The big question on everyone’s minds is the reason for the ruling and the answer most comes up with is that the Communist Party is utilising its tight control and power to gain access to citizen’s information. It is known that the Great Firewall used by China restricts news, restricts resources and the locals are mostly unable to browse for any material that is related to democracy. China is anti-free speech and has a long list of cybersecurity laws that completely forbid the use of accounts that are anonymous. All users are forced to use their “real” names, and there are a variety of cybercrimes that could get citizens arrested. The punishable crimes include overthrowing the socialist system, damaging the national unity and the country is known for arresting journalists that dared report truthfully on the slowing economy, it was claimed that the journalists were lying in order to disturb the current economic order in the country.
The fall in 2017 marked the five-year conference of the Communist Party in China, and many feel this could be the reason for the tightening of cybersecurity, and at the same time, it could mean a smoother event. Previously Apple was also requested to remove the New York Times from the App store in China in January 2017. There is still no clarity regarding the time-period of the app removals although it is not classified as a ban. The situation offers much confusion since no definite rules are laid down before VPN use was not frowned upon and VPN service providers could offer services without a license, which also changed in January.
According to Forbes, the use of VPNs is allowed in China as long as it is state-controlled and the service is available primarily to companies with deep pockets like law firms and other financial institutions that warrants broader internet access. The use of VPNs is legal as long as the VPN service provider is registered and used predominantly by businesses.
China Citizens Might Find It Challenging to Use VPNs
The confusion is what upsets most citizens although those who purchased VPN services from outside China can continue to use it for now. Most users feel that China is making it a lot more difficult to use a VPN service especially now that Apple has blocked all VPN apps.
On the other hand, Apple is doing what most companies would and mainly it is complying with the business laws of China, and by removing the unauthorised apps from the Apple store, Apple shows that it respects the laws of the country. Apple released a statement that shared that the company would prefer not to remove VPN apps but like in any country where Apple operates the laws will be abided.
Why Thousands Blamed & Criticized Apple
Pro-democracy activists blame Apple, which includes the secretary of Hong Kong, Chi-Fung from the Demosisto political party. Chi-Fung shared on Twitter that the company puts profit values above human rights and the New York Times warns that it was a dangerous precedent since Apple has been spending the past two years that it will always respect the privacy of its customers, governments, laws and other tech companies.

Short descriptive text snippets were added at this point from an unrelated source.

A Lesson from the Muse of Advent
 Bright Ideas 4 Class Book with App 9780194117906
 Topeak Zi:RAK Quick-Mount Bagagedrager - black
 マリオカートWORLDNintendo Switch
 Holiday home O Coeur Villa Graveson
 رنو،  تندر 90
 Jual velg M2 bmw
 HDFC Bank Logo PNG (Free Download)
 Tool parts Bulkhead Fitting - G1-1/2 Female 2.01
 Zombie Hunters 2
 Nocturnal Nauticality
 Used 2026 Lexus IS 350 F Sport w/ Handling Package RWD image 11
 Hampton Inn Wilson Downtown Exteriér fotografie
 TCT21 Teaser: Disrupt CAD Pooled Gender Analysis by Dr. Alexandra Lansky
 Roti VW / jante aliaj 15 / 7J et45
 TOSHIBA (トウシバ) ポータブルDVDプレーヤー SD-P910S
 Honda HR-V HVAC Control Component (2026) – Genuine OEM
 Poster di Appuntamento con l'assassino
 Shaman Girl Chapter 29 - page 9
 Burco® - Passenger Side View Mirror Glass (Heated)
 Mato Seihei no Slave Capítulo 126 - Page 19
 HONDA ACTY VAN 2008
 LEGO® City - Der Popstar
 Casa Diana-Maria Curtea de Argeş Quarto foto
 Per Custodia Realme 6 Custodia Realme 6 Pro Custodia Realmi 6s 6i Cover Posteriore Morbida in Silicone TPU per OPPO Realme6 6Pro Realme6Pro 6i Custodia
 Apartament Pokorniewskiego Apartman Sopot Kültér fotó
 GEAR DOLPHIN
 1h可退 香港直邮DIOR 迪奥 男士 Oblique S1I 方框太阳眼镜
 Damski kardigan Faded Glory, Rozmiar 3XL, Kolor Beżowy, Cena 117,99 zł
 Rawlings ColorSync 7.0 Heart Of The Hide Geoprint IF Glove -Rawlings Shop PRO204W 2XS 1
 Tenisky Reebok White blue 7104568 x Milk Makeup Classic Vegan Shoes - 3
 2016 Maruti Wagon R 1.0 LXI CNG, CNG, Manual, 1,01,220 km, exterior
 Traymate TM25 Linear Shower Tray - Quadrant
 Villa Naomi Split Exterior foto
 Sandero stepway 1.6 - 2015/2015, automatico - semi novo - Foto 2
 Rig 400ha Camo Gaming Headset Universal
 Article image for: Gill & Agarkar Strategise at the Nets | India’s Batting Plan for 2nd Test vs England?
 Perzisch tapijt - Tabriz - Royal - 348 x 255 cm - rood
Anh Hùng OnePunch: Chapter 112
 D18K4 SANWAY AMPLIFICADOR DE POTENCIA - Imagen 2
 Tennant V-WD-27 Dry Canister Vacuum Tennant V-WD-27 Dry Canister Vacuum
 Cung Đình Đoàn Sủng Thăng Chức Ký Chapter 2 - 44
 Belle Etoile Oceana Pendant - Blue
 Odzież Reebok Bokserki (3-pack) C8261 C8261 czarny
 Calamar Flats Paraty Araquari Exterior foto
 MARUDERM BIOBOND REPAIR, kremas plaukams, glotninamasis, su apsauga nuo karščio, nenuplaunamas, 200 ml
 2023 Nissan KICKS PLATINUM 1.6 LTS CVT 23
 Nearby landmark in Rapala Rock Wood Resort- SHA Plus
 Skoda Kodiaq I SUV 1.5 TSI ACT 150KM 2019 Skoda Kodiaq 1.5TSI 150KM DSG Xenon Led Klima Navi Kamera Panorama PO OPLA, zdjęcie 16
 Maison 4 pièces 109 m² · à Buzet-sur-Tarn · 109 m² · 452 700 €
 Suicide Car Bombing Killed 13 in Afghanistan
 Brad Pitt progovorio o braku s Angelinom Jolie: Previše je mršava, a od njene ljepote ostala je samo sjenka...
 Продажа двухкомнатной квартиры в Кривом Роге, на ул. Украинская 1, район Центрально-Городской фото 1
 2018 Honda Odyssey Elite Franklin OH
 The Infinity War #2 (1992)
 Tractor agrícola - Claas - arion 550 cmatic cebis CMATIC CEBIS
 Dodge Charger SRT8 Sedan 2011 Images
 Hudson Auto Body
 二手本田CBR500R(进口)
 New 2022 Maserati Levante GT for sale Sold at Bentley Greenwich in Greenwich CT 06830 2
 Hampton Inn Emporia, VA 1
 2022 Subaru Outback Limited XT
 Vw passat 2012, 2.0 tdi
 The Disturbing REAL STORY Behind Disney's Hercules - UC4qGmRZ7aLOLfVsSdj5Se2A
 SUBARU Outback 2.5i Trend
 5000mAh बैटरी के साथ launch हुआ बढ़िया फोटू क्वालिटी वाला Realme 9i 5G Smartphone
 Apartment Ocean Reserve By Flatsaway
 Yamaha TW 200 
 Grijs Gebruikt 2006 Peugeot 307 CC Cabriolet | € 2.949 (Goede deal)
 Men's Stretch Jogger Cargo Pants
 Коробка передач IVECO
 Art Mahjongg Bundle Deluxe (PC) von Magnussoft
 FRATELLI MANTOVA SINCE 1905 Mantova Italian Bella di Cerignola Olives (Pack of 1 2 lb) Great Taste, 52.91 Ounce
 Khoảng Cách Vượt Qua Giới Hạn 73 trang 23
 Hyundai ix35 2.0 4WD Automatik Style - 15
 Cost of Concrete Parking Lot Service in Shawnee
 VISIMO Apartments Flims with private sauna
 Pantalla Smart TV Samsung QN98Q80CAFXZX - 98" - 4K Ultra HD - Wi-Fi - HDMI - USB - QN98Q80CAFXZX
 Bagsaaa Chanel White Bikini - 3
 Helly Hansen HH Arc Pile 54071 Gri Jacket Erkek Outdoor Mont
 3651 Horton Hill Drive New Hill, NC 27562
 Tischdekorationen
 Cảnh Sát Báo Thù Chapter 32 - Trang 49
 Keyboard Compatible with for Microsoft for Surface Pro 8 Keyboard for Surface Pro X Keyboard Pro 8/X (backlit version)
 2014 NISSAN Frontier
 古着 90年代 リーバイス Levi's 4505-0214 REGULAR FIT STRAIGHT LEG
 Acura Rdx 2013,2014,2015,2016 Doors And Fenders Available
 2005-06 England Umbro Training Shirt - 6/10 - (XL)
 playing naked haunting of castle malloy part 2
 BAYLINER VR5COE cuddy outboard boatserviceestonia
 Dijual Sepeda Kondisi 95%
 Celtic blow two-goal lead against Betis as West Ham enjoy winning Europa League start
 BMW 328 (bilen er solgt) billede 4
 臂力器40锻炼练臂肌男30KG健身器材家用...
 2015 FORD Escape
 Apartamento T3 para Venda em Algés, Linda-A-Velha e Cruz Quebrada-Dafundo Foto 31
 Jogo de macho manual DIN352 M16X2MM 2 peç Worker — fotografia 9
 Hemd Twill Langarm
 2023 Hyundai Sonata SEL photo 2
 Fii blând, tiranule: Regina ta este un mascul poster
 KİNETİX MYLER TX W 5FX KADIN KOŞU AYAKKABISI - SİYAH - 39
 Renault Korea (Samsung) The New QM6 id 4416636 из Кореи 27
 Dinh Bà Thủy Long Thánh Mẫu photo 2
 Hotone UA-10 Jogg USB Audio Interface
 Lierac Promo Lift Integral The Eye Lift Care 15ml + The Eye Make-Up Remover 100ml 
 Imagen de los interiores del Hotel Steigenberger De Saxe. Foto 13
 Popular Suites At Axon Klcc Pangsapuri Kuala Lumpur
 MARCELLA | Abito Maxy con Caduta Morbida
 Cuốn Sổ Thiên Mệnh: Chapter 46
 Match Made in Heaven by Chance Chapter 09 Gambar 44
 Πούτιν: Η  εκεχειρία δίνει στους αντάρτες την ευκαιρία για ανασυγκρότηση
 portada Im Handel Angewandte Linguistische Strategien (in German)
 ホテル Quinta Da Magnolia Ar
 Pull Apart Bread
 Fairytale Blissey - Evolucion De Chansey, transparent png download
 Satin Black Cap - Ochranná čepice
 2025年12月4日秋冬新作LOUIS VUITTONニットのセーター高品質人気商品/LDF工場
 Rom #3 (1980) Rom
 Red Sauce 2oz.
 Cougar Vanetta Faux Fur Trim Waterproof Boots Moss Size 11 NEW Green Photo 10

Apple’s promise to respect privacy have also previously led to criticism when the company refused to unlock and iPhone 5C in the wake of the war against the FBI and the US Government when the mentioned phone was believed to belong to one of the attackers. Apple stood by it believe that its customers had the right to privacy and the FBI later withdrew its request. Apple’s role as the protector of all its user’s privacy ensures more favouritism for the company. Apple believes that every user has a fundamental right to privacy and for many, it was easier to lighten the action of the iPhone company than to face the law by the Government of China.
After all, Apple is not the only company that obeys the new laws of China, and in the VPN crackdown, several other companies agreed to the same. Apple had a different situation in San Bernardino to deal with when the arcane law was used against the company by FBI to force Apple to rewrite the iOS program to make is less secure. Should Apple have compiled at the time, millions of user’s data would be open to government snooping, fraud, hacks and unwarranted prying. In this instance, Apple refused since it would compromise user’s security.
Government Changes to VPN Laws
The China Government pre-warned all VPN service providers that they would need to apply for licenses in January. Apple was instructed to remove unauthorised apps in July of 2017 and have always agreed to comply with government rules. However, VPN use is legal in China provided that the VPN service is licensed in China. China uses the Great Firewall for many reasons and individuals that use VPNs to access internet on their iPads or iPhones will need to either register with licensed Chinese VPNs or use different platforms.
China is not the only country that made unlicensed VPN use illegal, and according to the BBC news, the new laws in Russia signed by President Vladimir Putin restricts anonymisers.
The new law in Russia ban VPN use and restricts access to all banned websites. The new Russian law is in place to further restrict access to unlawful sites. Many Russian citizens agonise regarding the new law although IP experts have shared that the new law does provide exemptions for corporate VPNs.
A second new law is effective in Russia from the 1st of November and ban anonymous online messaging services from the 1st of January. Internet security companies suggest that it would make the snooping form the state on citizens browsing activities easier and the second law also includes that all internet operators now need to restrict users access if they found to be distributing any illegal content.
VPN usage is blocked in several countries, and the reason for the internet censorships range from keeping political stability to maintaining national security as well as imposing traditional social values. The long list of countries where internet censorship blocks the use of VPNs include Myanmar, Vietnam, Tunisia, Iran, Syria, North Korea, Saudi Arabia, Libya, Cuba, India, and Ethiopia to name only a few. Several countries have banned VPN use in order to keep a view of all citizens’ online activities and movements and with VPNs offering users a way to bypass the censorships many countries have outlawed the use of the services.